To do ▸ Reproduce the lines below exactly. Skip images.

Source data ▸
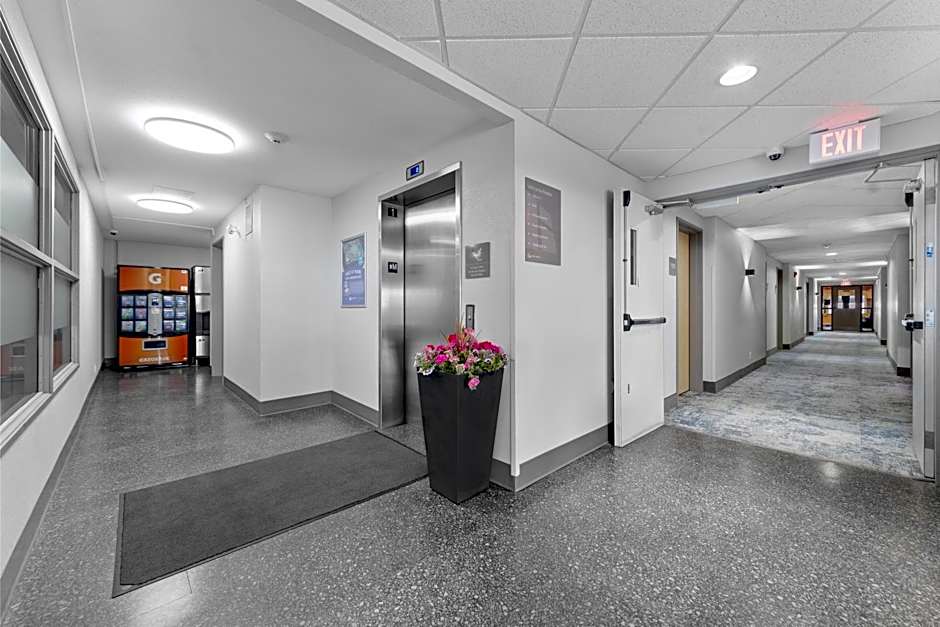 Home Inn and Suites Lloydminster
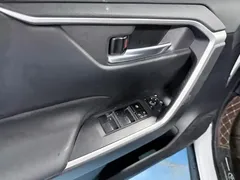 2022 Toyota RAV4 2.0L CVT 2WD Fashion, белый — фото 10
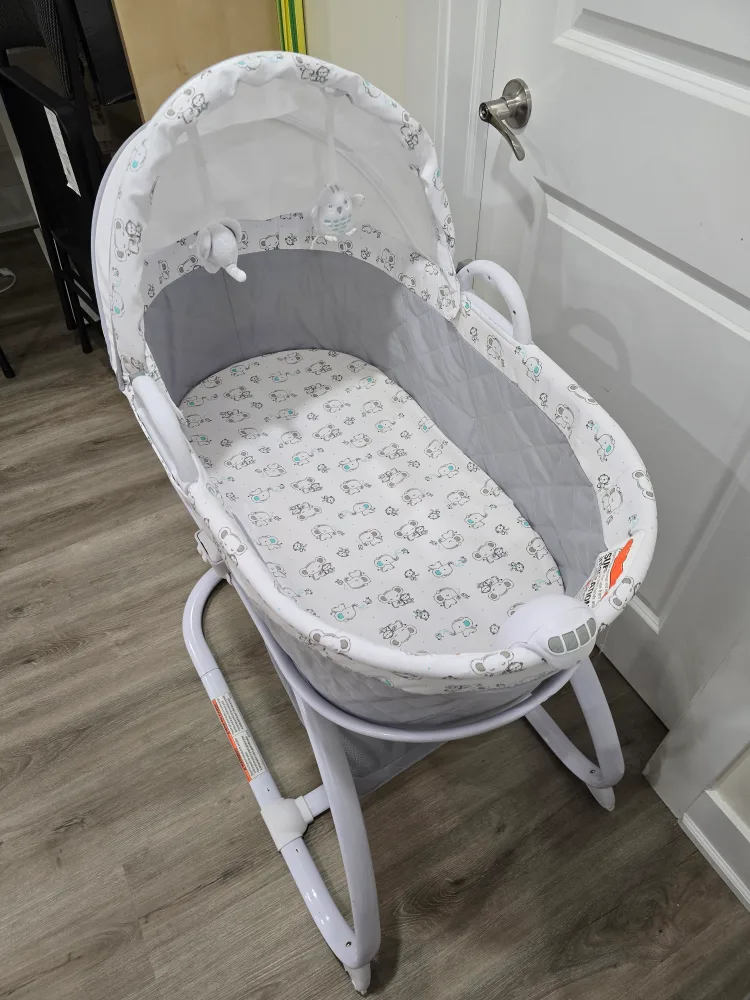 Delta Children Moses Bassinet image indicator(2)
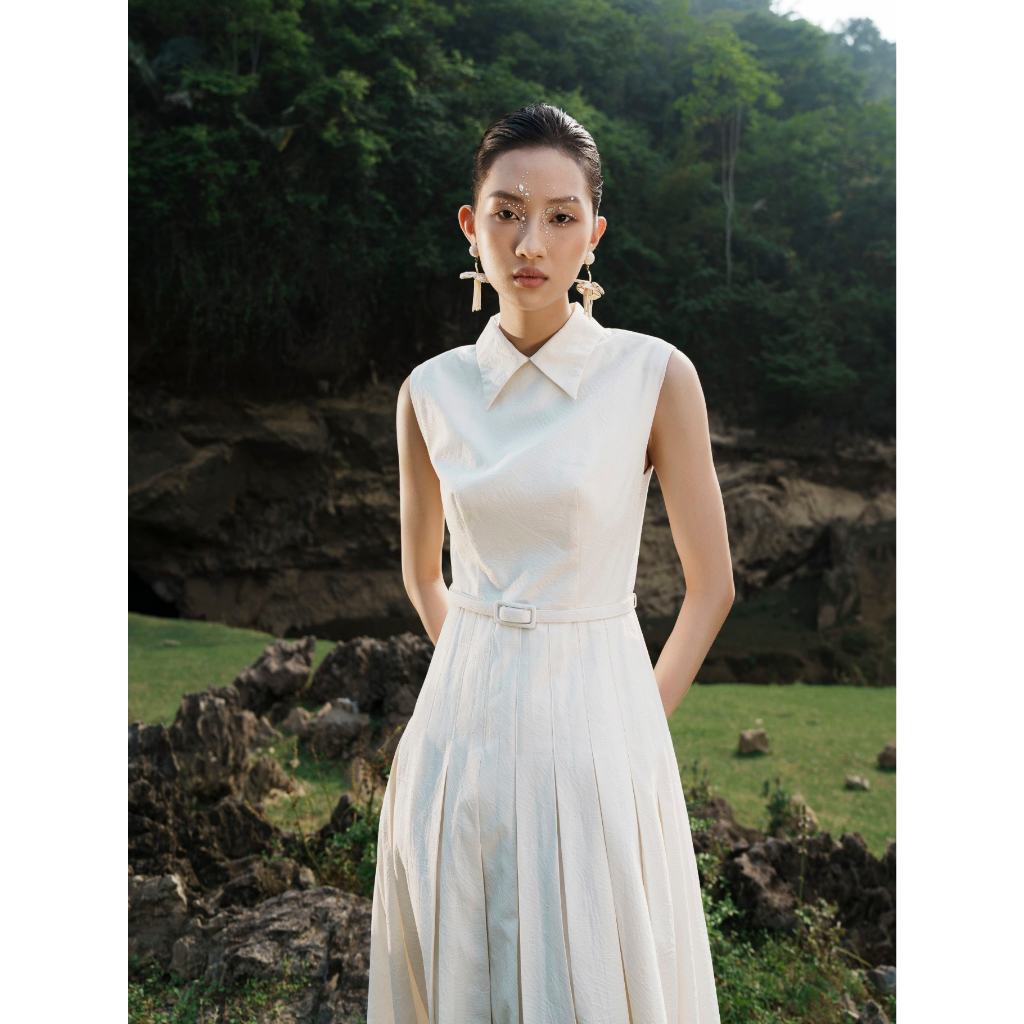 Đầm Sát Nách Xòe Nữ White Ant EMILIA PLEATED MIDI DRESS 121000001.002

Exercise response ▸
 Home Inn and Suites Lloydminster
 2022 Toyota RAV4 2.0L CVT 2WD Fashion, белый — фото 10
 Delta Children Moses Bassinet image indicator(2)
 Đầm Sát Nách Xòe Nữ White Ant EMILIA PLEATED MIDI DRESS 121000001.002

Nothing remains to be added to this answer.